START DATA FOR THIS TASK

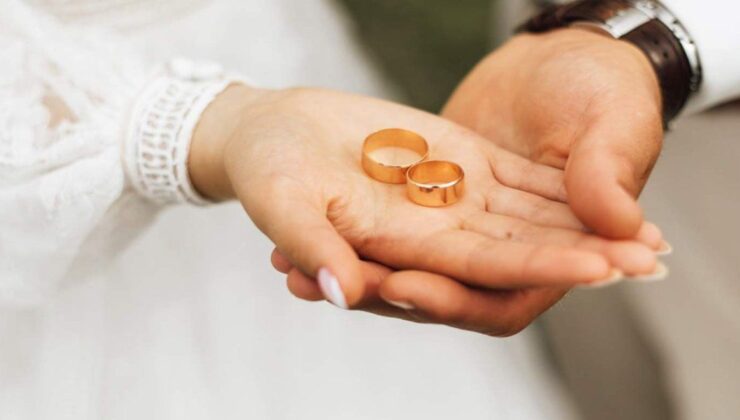 Evlilik Destegi 2024 Ibb Resim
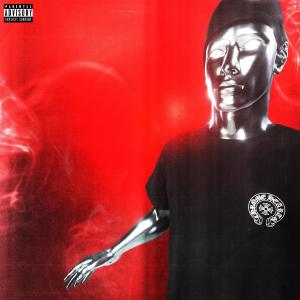Album panic (Explicit) from 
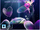 Bubble Beam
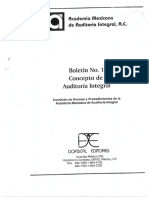 1 Adutoria Integral PDF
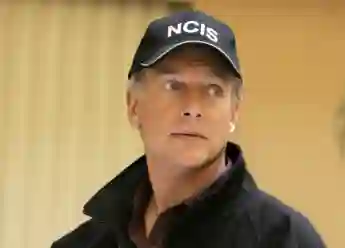 NCIS: THIS Team Member Is Freaking Out Over "Gibbs'" Exit Torres Wilmer Valderrama new episode season 19 recap 2022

END DATA FOR THIS TASK

**TASK TO CARRY OUT**
With pictures excluded, restate word for word the lines from the one that contains "Bubble Beam" through the end of the material, inclusive, and nothing more.

**SOLUTION FOR THIS TASK**
 Bubble Beam
 1 Adutoria Integral PDF
 NCIS: THIS Team Member Is Freaking Out Over "Gibbs'" Exit Torres Wilmer Valderrama new episode season 19 recap 2022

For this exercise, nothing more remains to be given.